[Saved entries]
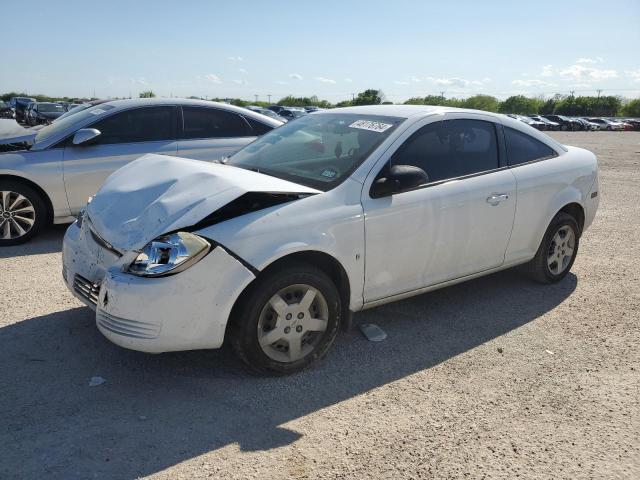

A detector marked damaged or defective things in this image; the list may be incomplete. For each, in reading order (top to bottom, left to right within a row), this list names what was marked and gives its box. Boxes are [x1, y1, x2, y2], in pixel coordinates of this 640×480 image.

crumpled hood [0, 118, 37, 144]
crumpled hood [87, 154, 322, 251]
broken headlight [127, 232, 210, 278]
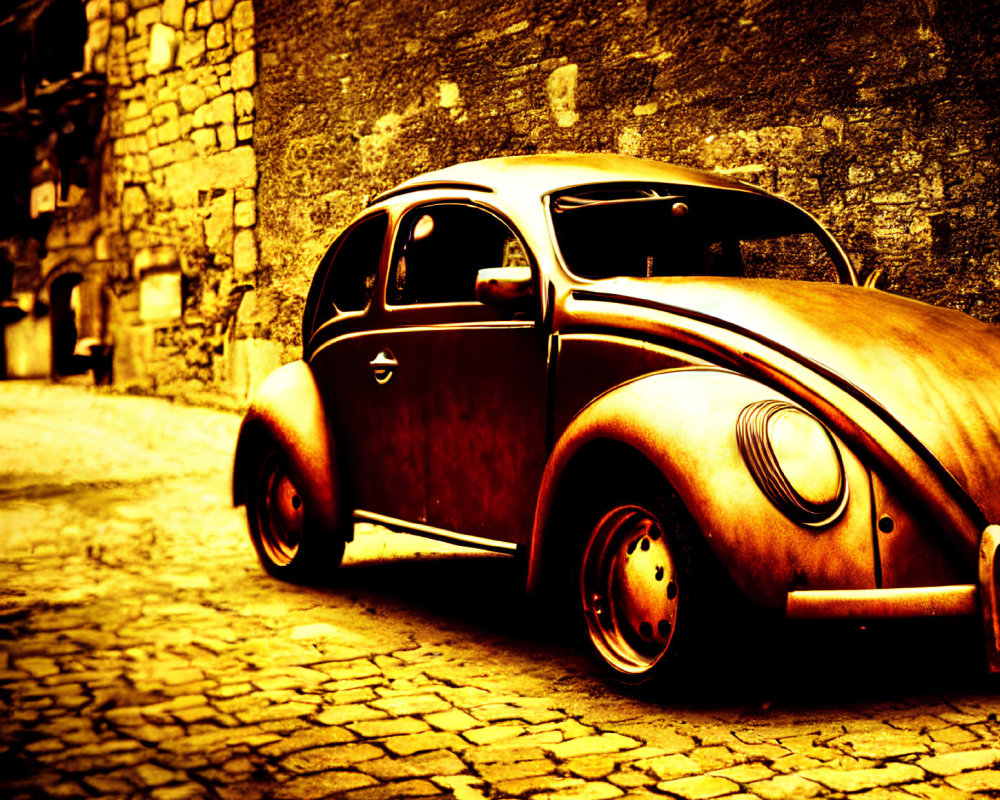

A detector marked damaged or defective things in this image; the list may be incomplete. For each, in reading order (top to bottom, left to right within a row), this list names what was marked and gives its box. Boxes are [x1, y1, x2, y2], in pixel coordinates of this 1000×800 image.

rusty car body [230, 155, 1000, 680]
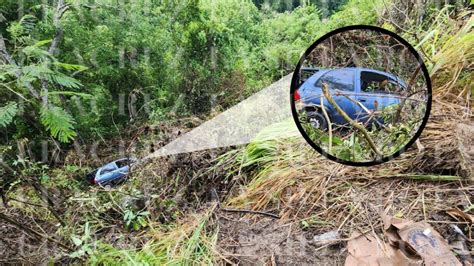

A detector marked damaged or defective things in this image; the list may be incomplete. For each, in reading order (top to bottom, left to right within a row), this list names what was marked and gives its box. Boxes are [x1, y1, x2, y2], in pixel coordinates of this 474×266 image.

crashed blue car in ravine [294, 67, 406, 130]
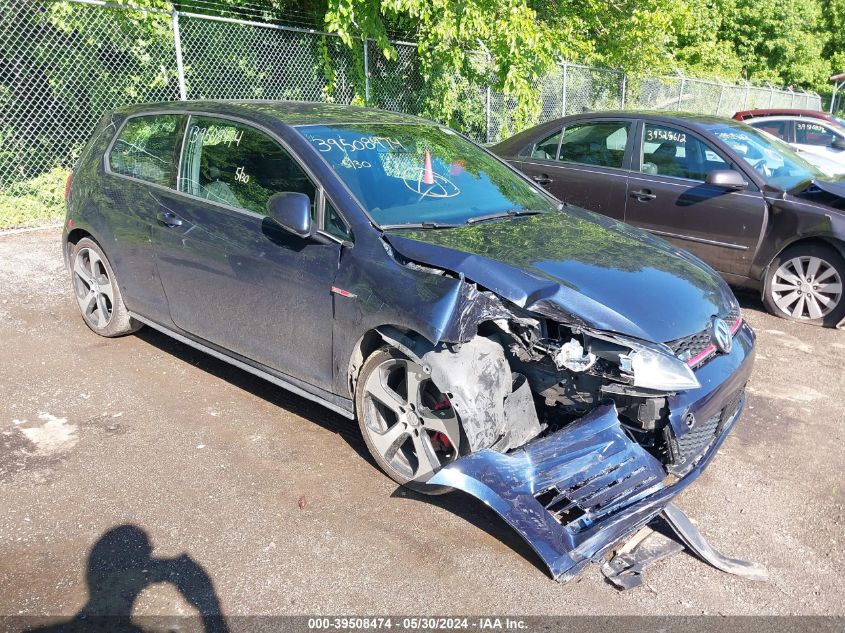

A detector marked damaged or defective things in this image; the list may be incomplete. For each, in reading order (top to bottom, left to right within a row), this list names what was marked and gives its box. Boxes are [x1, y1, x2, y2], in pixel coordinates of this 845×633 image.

damaged blue hatchback [62, 102, 756, 584]
crumpled hood [386, 209, 736, 344]
crushed front bumper [432, 320, 756, 584]
cracked headlight [620, 340, 700, 390]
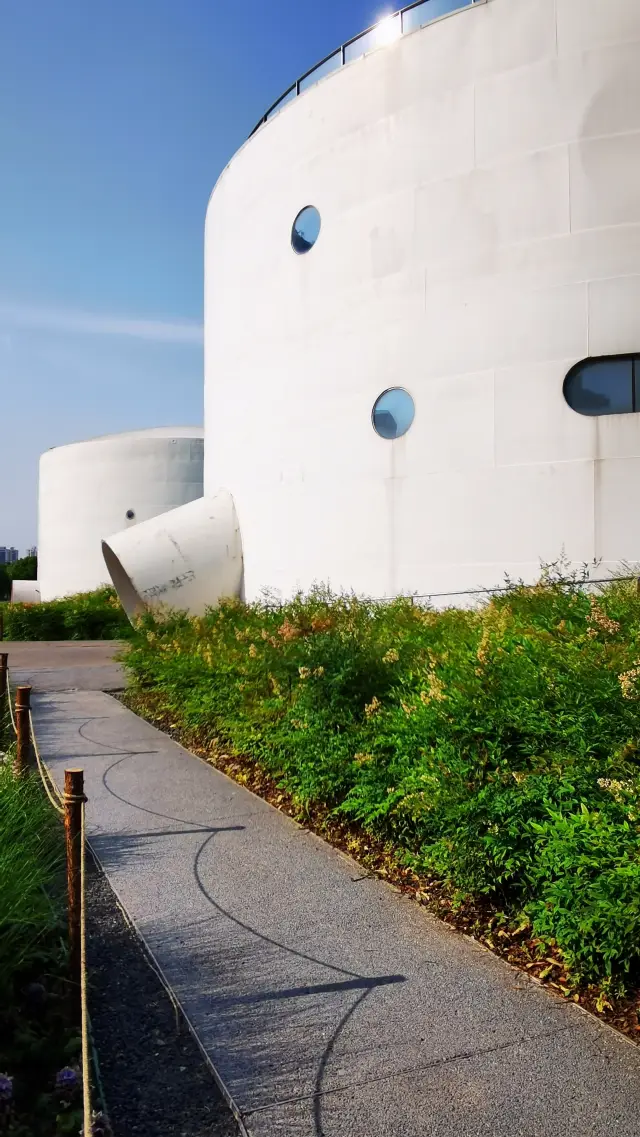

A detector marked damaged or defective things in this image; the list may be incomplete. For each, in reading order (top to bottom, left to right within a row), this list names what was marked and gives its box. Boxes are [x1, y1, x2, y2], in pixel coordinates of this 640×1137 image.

rusty metal post [14, 680, 32, 776]
rusty metal post [65, 768, 85, 1024]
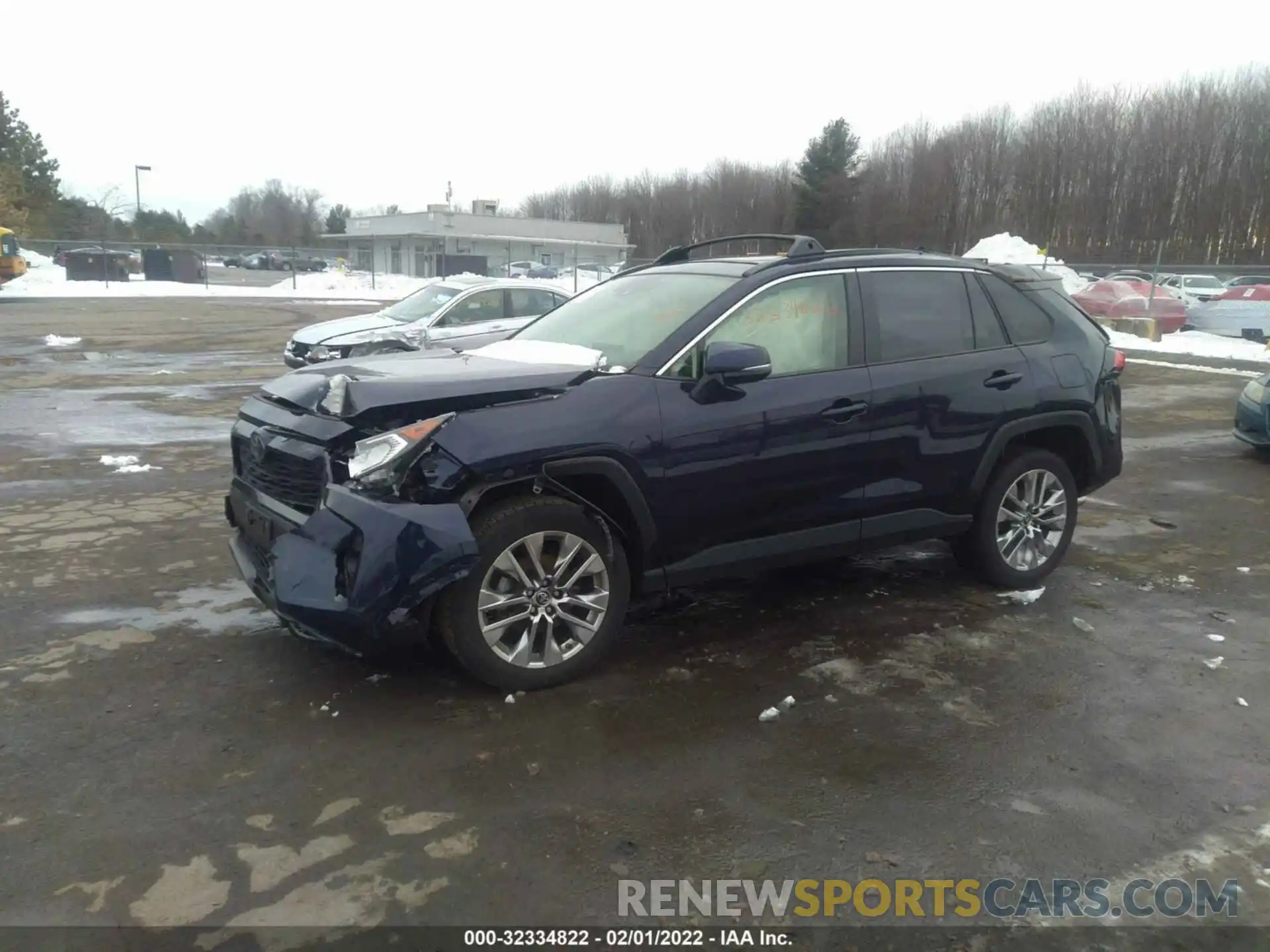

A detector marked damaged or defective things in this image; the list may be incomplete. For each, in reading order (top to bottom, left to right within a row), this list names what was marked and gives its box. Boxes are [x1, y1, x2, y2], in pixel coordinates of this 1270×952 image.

crumpled hood [290, 311, 396, 345]
damaged white car [286, 275, 573, 368]
crumpled hood [261, 342, 594, 416]
broken headlight [345, 413, 454, 485]
detached front bumper [226, 479, 477, 654]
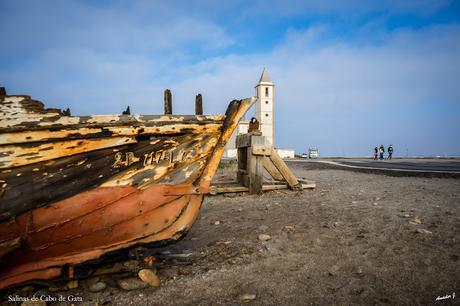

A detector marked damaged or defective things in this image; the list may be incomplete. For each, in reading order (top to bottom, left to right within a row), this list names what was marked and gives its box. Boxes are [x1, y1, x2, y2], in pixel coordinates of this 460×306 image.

rusty hull [0, 94, 255, 290]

(WORK REQUIRED) Excluding the pictures, retype the line containing "this 845×633 image." and all lines after it down to the end of the data above.

(SOLUTION TO THIS TASK)
A detector marked damaged or defective things in this image; the list may be incomplete. For each, in reading order (top to bottom, left to right within a row), this list names what was marked and gives its box. Boxes are [x1, y1, x2, y2], in pixel coordinates of this 845×633 image.

damaged blue hatchback [62, 102, 756, 584]
crumpled hood [386, 209, 736, 344]
crushed front bumper [432, 320, 756, 584]
cracked headlight [620, 340, 700, 390]

A detector marked damaged or defective things in this image; the list may be incomplete. For each, in reading order (top to bottom, left to right within a row), this list names what was marked and gives its box. Boxes are [x1, y1, x2, y2], in pixel coordinates of this 640×1137 image.

rusty metal post [14, 680, 32, 776]
rusty metal post [65, 768, 85, 1024]

A detector marked damaged or defective things in this image; the list may be incomplete. For each, in reading order (top to bottom, left to right within a row), this list names what was marked and gives its box. Boxes are [x1, y1, x2, y2], in pixel coordinates of this 1270×952 image.

crumpled hood [290, 311, 396, 345]
damaged white car [286, 275, 573, 368]
crumpled hood [261, 342, 594, 416]
broken headlight [345, 413, 454, 485]
detached front bumper [226, 479, 477, 654]

A detector marked damaged or defective things in this image; the list may be incomplete. For each, in reading order (top to bottom, left to right within a row), this list names what was marked and gives its box. Boxes are [x1, y1, x2, y2], in pixel coordinates of this 460×306 image.

rusty hull [0, 94, 255, 290]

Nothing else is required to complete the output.